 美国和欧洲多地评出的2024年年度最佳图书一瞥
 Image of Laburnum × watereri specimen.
* * *
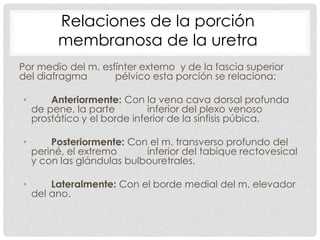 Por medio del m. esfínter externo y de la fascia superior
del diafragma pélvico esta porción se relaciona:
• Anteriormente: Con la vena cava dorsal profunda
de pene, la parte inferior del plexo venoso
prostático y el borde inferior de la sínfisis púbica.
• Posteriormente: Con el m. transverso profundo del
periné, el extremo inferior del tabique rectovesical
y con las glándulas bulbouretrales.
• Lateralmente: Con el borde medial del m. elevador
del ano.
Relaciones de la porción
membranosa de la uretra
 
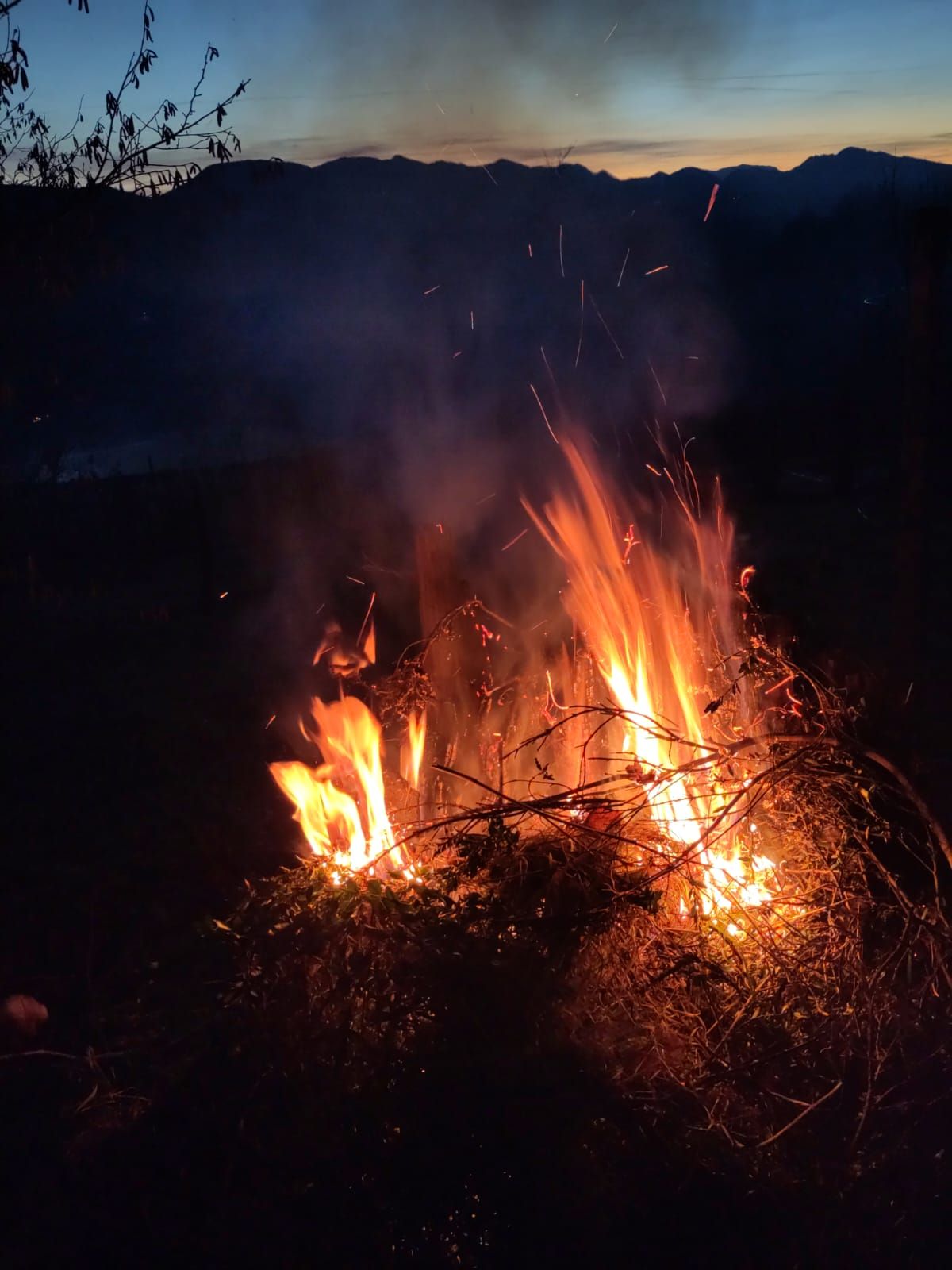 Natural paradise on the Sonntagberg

(WHAT THE EXERCISE ASKS): Only the lines above starting with the line with "Por medio del" and going on through the line with "Natural paradise on the Sonntagberg" belong in the answer; repeat them exactly, minus any picture.

(ANSWER BOX):
 Por medio del m. esfínter externo y de la fascia superior
del diafragma pélvico esta porción se relaciona:
• Anteriormente: Con la vena cava dorsal profunda
de pene, la parte inferior del plexo venoso
prostático y el borde inferior de la sínfisis púbica.
• Posteriormente: Con el m. transverso profundo del
periné, el extremo inferior del tabique rectovesical
y con las glándulas bulbouretrales.
• Lateralmente: Con el borde medial del m. elevador
del ano.
Relaciones de la porción
membranosa de la uretra
 
 Natural paradise on the Sonntagberg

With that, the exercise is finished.